Debates sobre automação e mercado internacional
Durante a programação, especialistas discutiram automação, inteligência artificial e cibersegurança aplicadas à cadeia produtiva. O 13º Congresso Latino-Americano da ATALAC complementou a feira com visitas técnicas e apresentações de pesquisas recentes. Essas atividades permitiram que profissionais do setor trocassem experiências sobre a transição energética e novas aplicações do etanol.
A presença de visitantes qualificados de mais de 80 países mostra a capacidade da Fenasucro & Agrocana de conectar a cadeia nacional bioenergética aos mercados internacionais. O país reúne conhecimento, tecnologia e capacidade produtiva para responder aos desafios da transição energética, e a feira é um ambiente em que essas soluções encontram novos mercados, parceiros e oportunidades de negócios
Paulo Montabone
Victor Bermudes, presidente do LIDE Ribeirão Preto, destacou que o encontro trouxe visão estratégica sobre as transformações do mercado de energia, especialmente o papel do etanol em novas aplicações como a navegação. A região de Sertãozinho, com forte presença da agroindústria e produção renovável, se beneficiou diretamente dessas discussões.

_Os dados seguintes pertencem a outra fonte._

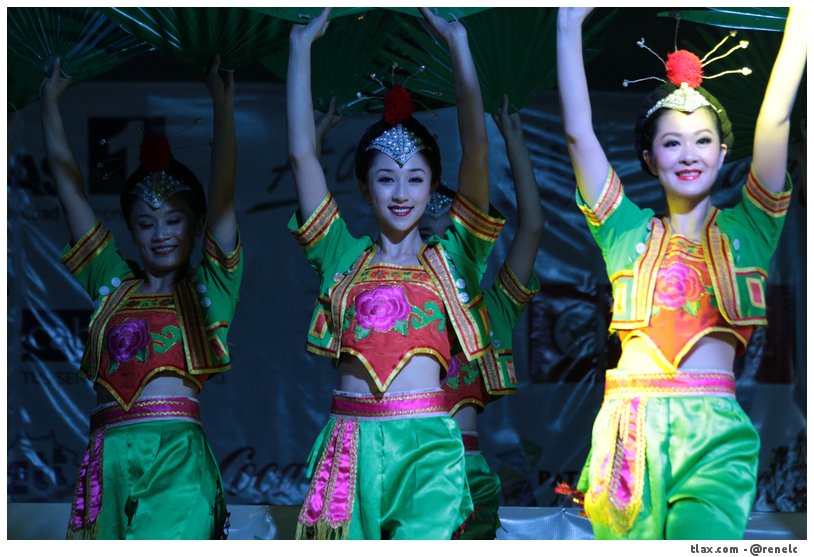 Ballet Folklrico de Honghe (China) en la feria de Tlaxcala - Foto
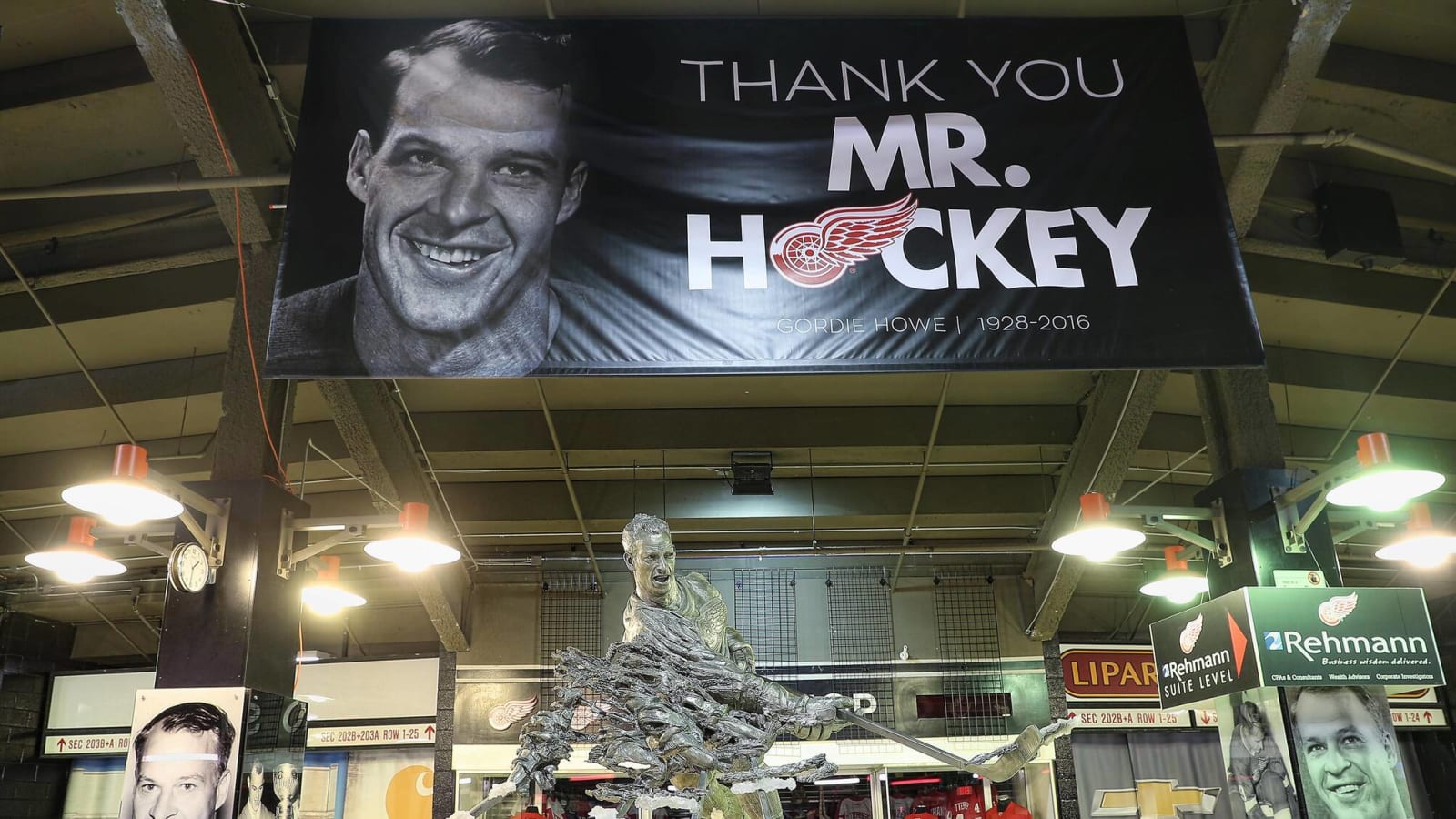 Red Wings Icon Howe Was Multi-Sport Sensation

Formação de jovens e serviço ambiental dos produtores
Ter esse evento na programação mostra que a região está preparando jovens profissionais para lidar com o legado das bioenergias. São eles que vão criar soluções disruptivas usando IA, que nunca foram pensadas antes
Paulo Montabone
Estudantes do Senai, Fatec e IFSP participaram ativamente das atividades, preparando-se para atuar em um setor em expansão. Raffaella Rossetto, presidente da STAB, ressaltou a sinergia entre a feira e o congresso da ATALAC, que combinou tecnologias já disponíveis com novas pesquisas e possibilidades futuras.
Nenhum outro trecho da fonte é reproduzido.